(G) Design / OOD 类算法题
Logger Rate Limiter
用hashmap来存timestamp, 需要注意的一点是Java没有办法在iterate过程中删除key, 必须要通过iterator.
public class Logger {
/** Initialize your data structure here. */
HashMap<Integer, HashSet<String>> map;
public Logger(){
map = new HashMap<Integer, HashSet<String>>();
}
/** Returns true if the message should be printed in the given timestamp, otherwise returns false.
If this method returns false, the message will not be printed.
The timestamp is in seconds granularity. */
public boolean shouldPrintMessage(int timestamp, String message) {
Iterator<Map.Entry<Integer, HashSet<String>>> iter = map.entrySet().iterator();
while (iter.hasNext()) {
Map.Entry<Integer, HashSet<String>> entry = iter.next();
if(entry.getKey()<=timestamp-10){
iter.remove();
}
}
for(Integer key : map.keySet()){
if(map.get(key).contains(message)) return false;
}
if(!map.containsKey(timestamp))
map.put(timestamp, new HashSet<String>());
map.get(timestamp).add(message);
return true;
}
}
另一种方式是存inverted <string, integer> mapping
非常的 trivial ... 用一个 hashmap 做一个类似 inverted index 功能就可以了,需要注意的地方是如果这轮输出了 true,要同时更新 hashmap 里面的 timestamp,输出 false 的时候不更新,因为还没 print.
public class Logger {
HashMap<String, Integer> map;
/** Initialize your data structure here. */
public Logger() {
map = new HashMap<String, Integer>();
}
/** Returns true if the message should be printed in the given timestamp, otherwise returns false.

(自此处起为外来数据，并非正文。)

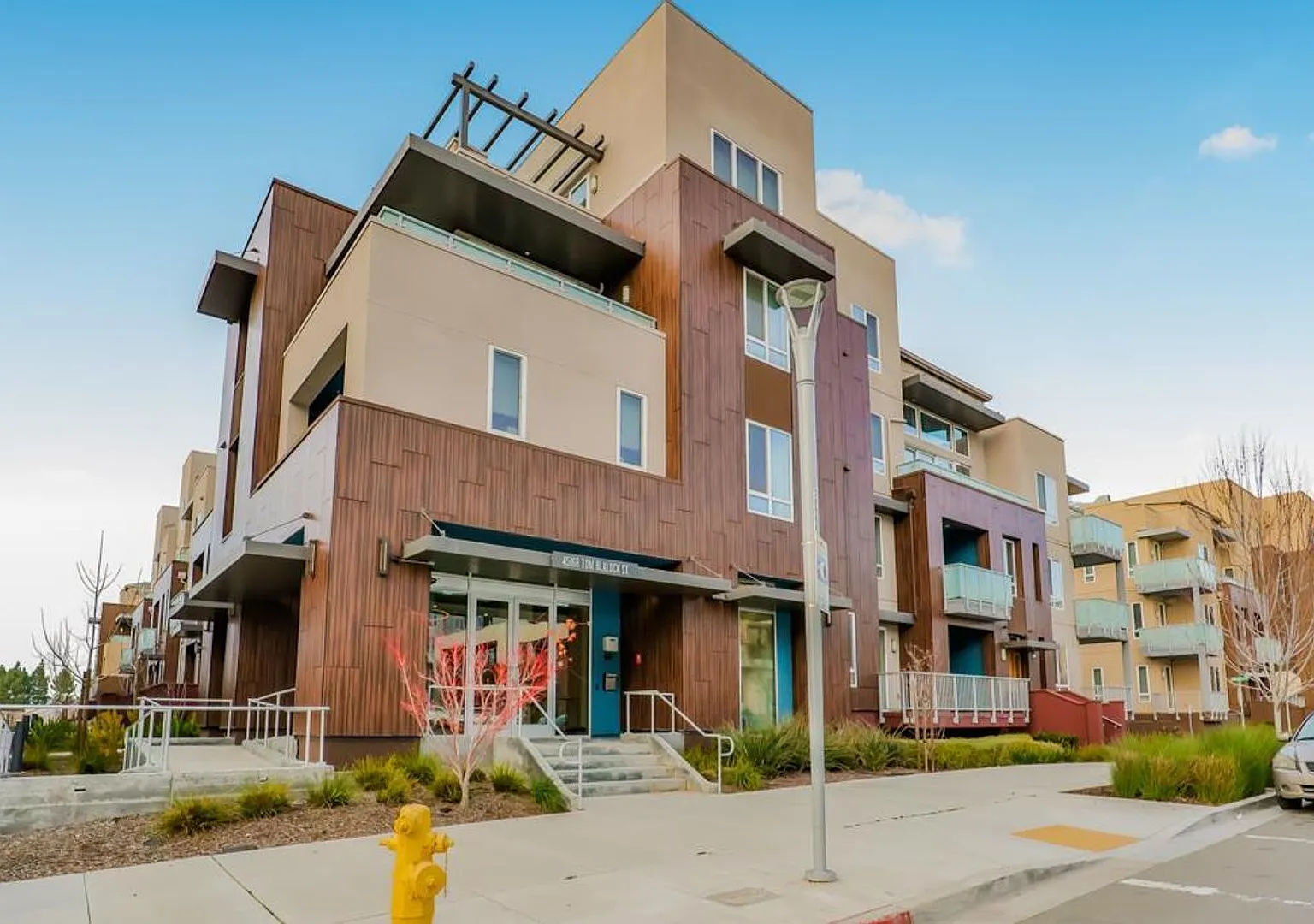 Gorgeous penthouse condo in South Fremont Resort Like Amenities & Pet Friendly! — Photo 1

If this method returns false, the message will not be printed.
The timestamp is in seconds granularity. */
public boolean shouldPrintMessage(int timestamp, String message) {
boolean rst = false;
if(!map.containsKey(message) || timestamp - map.get(message) >= 10) rst = true;
if(rst) map.put(message, timestamp);
return rst;
}
}
Design Hit Counter
HashMap<Integer, Integer> map = new HashMap<Integer, Integer>();
public HitCounter() {
}
/** Record a hit.
@param timestamp - The current timestamp (in seconds granularity). */
public void hit(int timestamp) {
Iterator<Map.Entry<Integer, Integer>> iter = map.entrySet().iterator();
while(iter.hasNext()){
Map.Entry<Integer, Integer> entry = iter.next();
if(entry.getKey()<=timestamp-300){
iter.remove();
}
}
map.put(timestamp, map.getOrDefault(timestamp, 0)+1);
}
/** Return the number of hits in the past 5 minutes.
@param timestamp - The current timestamp (in seconds granularity). */
public int getHits(int timestamp) {
int count = 0;
for(Integer key : map.keySet()){
if(key>timestamp-300) count += map.get(key);
}
return count;
}
承接了 sliding window maximum 的灵感,维护一个所谓“固定大小”的 sorted deque,两端操作,从 peekLast() 开始看,小于当前起始 time interval 的就直接扔掉,也完全可以处理同一时间多个 hit 的情况。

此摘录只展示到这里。